A Starbucks window smashed during anti-Capitalist protests during the Toronto G20 meeting, 2010
The astonishing thing is how fast all this has changed. Suddenly everyone is using the word capitalism: Gordon Brown, BBC journalists, neo-liberal economists, Republican senators in the US … the list goes on. What’s more there’s a new lexicon to describe the capitalists. For instance, this morning’s Daily Express trumpets, ‘Now city spivs try to wreck HBOS deal’ [the giant HBOS bank is the subject of a takeover bid by its former competitor Lloyds]. In effect the British tabloid press is using the kind of language previously reserved for socialists. I’ve been shouting ‘Make the fat-cats pay’ on our city centre stall for months. It’s uncanny now to hear these slogans echoed in mass circulation newspapers.
Of course that doesn’t mean politicians and the media have suddenly become advocates of radical change. Far from it. The remedies being suggested all focus on small-scale correction or adjustment. Still, the shift in language is hugely significant because it involves a profound distancing effect. Where the market was natural, inevitable and we all had a stake in it, capitalism indicates something historical and thus changeable. More, it suggests a system which is remote from us, even alien.
Perhaps the most important thing about this Discovery of Capitalism is that it shows up how thin and flimsy the ideology of neo-liberalism has been all along. The mantra ‘there is no alternative’ adopted by Margaret Thatcher in the 80s had become a banal statement of common sense by the time of Tony Blair’s arrival as British Prime Minister in 1997. Privatisation and marketisation were now obvious goods. Crucially, all such common sense has been thrown into doubt over the last few weeks. The market system, built on private greed and engendering conflict and inequality, now begins to appear much more as itself.

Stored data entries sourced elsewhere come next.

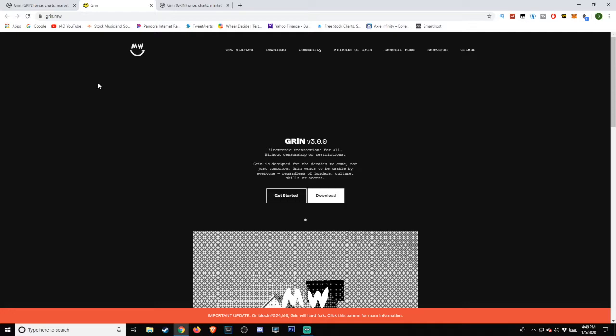If we head over to grin.mw, which I will be including a link in the description below, as always, so if you wish to do more research on this, which I highly encourage you to do so, you are able to do so. According to their website, they describe GRIN as the following.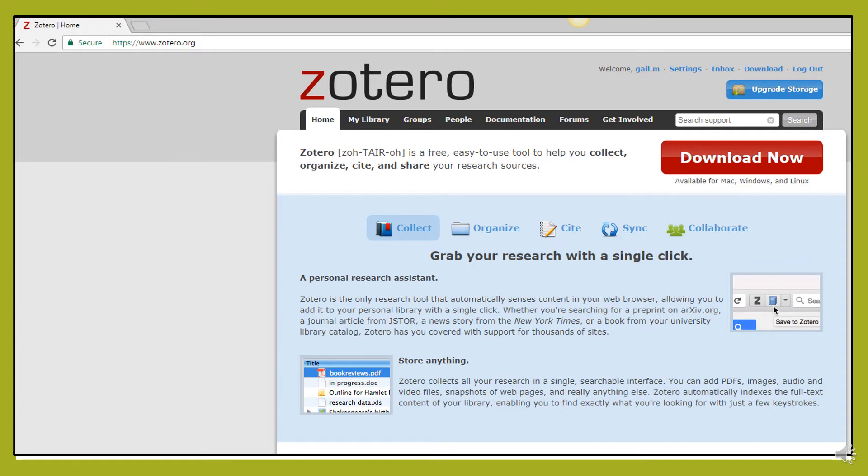In order to access Zotero, you can go to Zotero.org and click on the Download Now button. The downloading process will take several minutes. While you are downloading, you will also have an opportunity to create an account, which is necessary in order to store resources found online.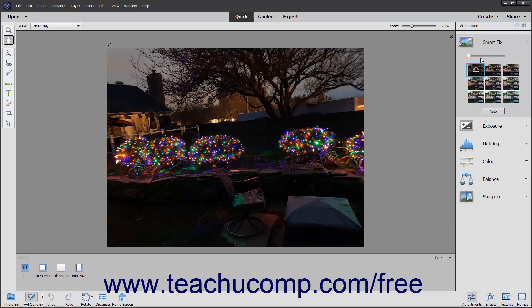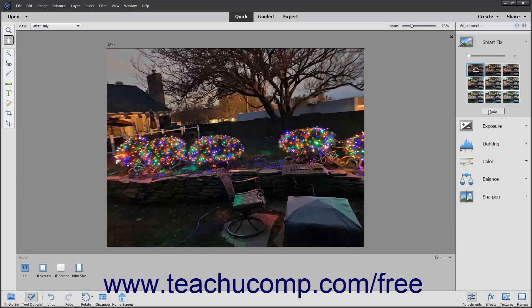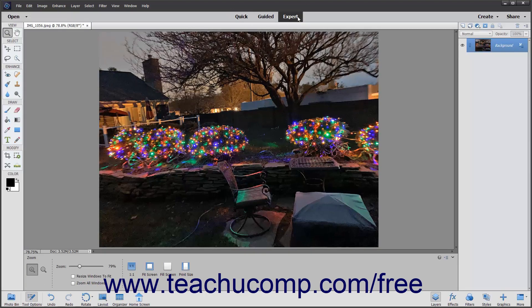However, you can click the Auto button to automatically apply a quick fix to an image and let Elements do the work for you. For most small fixes, this will work fine, but for greater precision, use the sliders. To switch back to Expert Edit Mode, simply click the Expert button in the Shortcuts bar.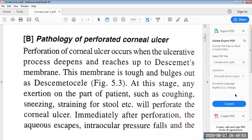In the previous sessions, we discussed the pathology of the localized corneal ulcer, in which we studied the various stages of pathology: the stage of infiltration, stage of active ulceration, stage of regression, and stage of cicatrization.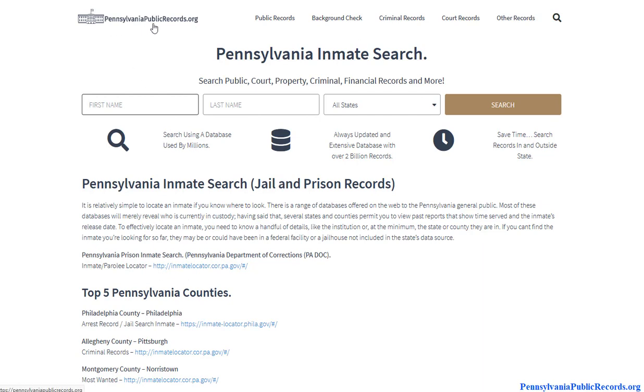Visit pennsylvaniapublicrecords.org and get started on your Pennsylvania mugshot search. Thank you.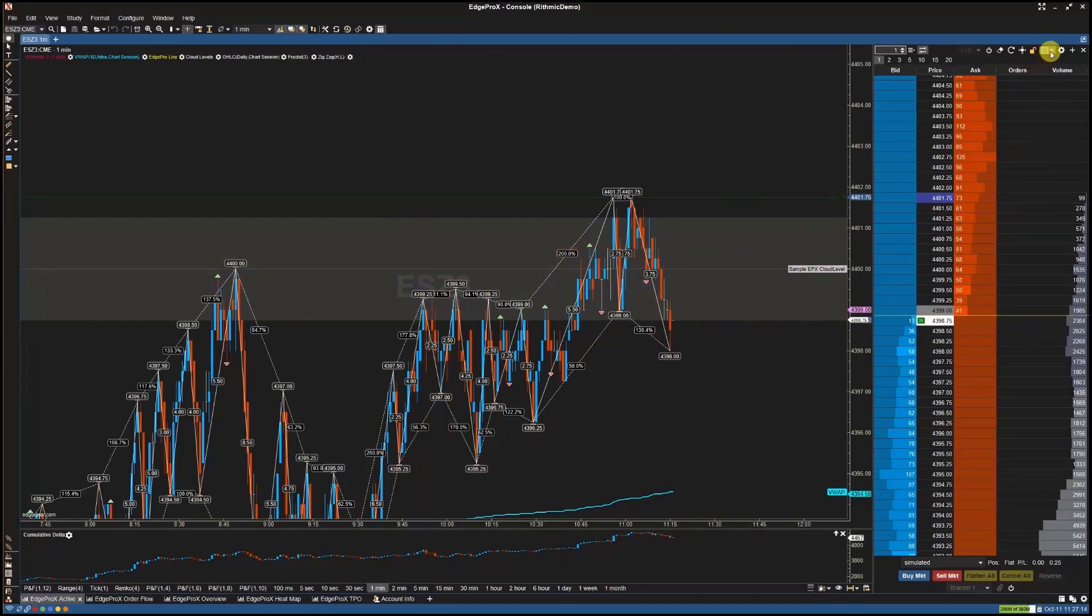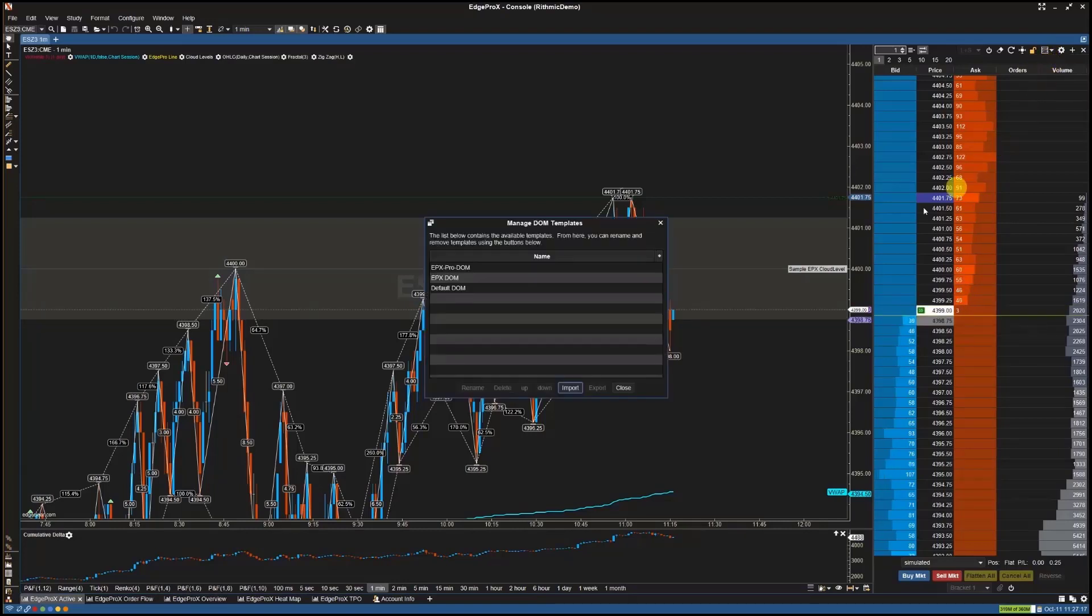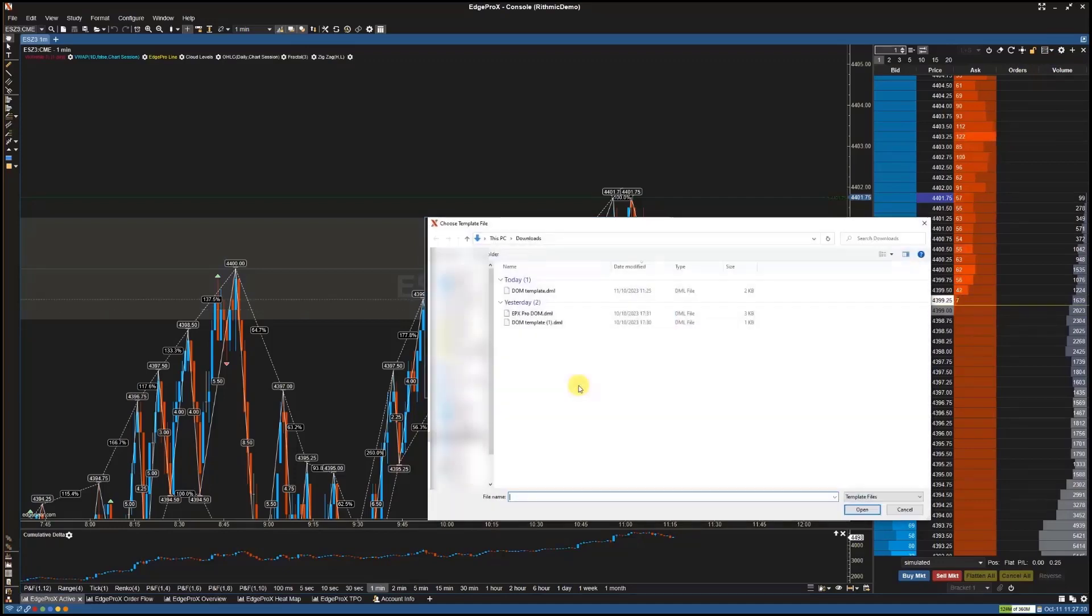To start, click on the template icon at the top of your DOM. Then select Manage Templates. Next, select Import. Select the template you would like to import and then select Open.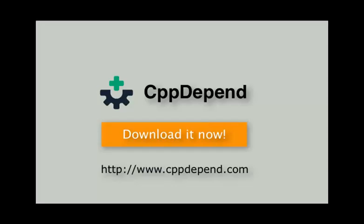The CppDepend tool has much more to offer. Just install it and see what it can tell you about your codebase.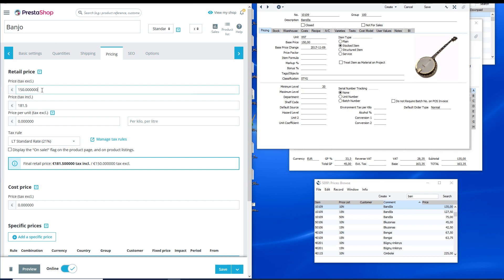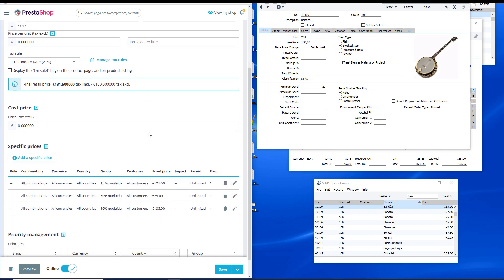The integration solution also makes it possible to upload item images to PrestaShop. Price list prices from Standard ERP become specific prices in PrestaShop, as you can see on the left.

We might say (please indulge me with this metaphor) that split from breast plate to cod piece the ideological character armour is falling from the shoulders of capitalism. I think that the extent to which media and mainstream politicians can do a repair job and strap it back together depends in part at least on the response of social scientists, both students and academics. Now’s the time to use our skills of critical analysis and investigation to show social reality in all its contradictions and help pave the way for real social change.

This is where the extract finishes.